Avatares do mundo real
Avatares do mundo real
Por Paulo Heuser
Kátia comandou nova ligação no sistema de telemarketing. Empreguinho bom esse. Ficava sentada frente ao computador e deixava que ligasse para um dos novos clientes, tão novos que nem eles próprios faziam idéia do vínculo que se estabeleceria, na relação predador/vitima, ou provedor/cliente. Estabelecida a conexão, ela entraria em cena. Orgulhava-se de deixar poucos escaparem. Seu nome estava no painel dos bem-sucedidos do mês, há oito meses. Batia levemente com a caneta nos dentes, enquanto pensava no próximo.

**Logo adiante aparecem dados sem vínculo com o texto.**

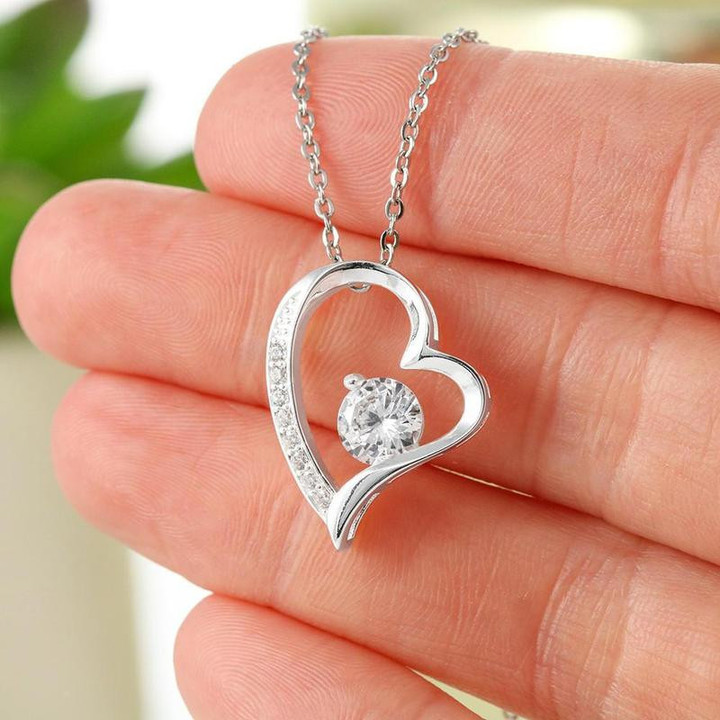 Forever Love Necklace with Personal Message from Husband to Wife- Heart to Heart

Seria homem, mulher, nem um, nem outro? Jovem, velho, crédulo, desconfiado?
Tuuut, tuuut, tuuut, click. Silêncio…
Com essa Katia não contava. Esperava um alô, um pronto ou pelo menos um gemido. Silêncio não era bom sinal. Um dia pegara um que apenas fungava.
- Alô! – ela tentou.
- Ommmmmmm... – ?
- Alô, há alguém aí? – ela tentou novamente.
- Ommmmmmm... – duplo “?”.
Seria a criança da casa colocando um boneco para mugir no fone? Ela já ia desligar e tentar outro número, quando ouviu uma estranha voz:
- Simmmmmmm?
- Desculpe-me, senhor. Estava ouvindo um ruído, deve estar acontecendo defeito na linha.
- Era um mantra.
- É o seu filho? – ela gostava de entrar na intimidade das vítimas. Facilitava as vendas.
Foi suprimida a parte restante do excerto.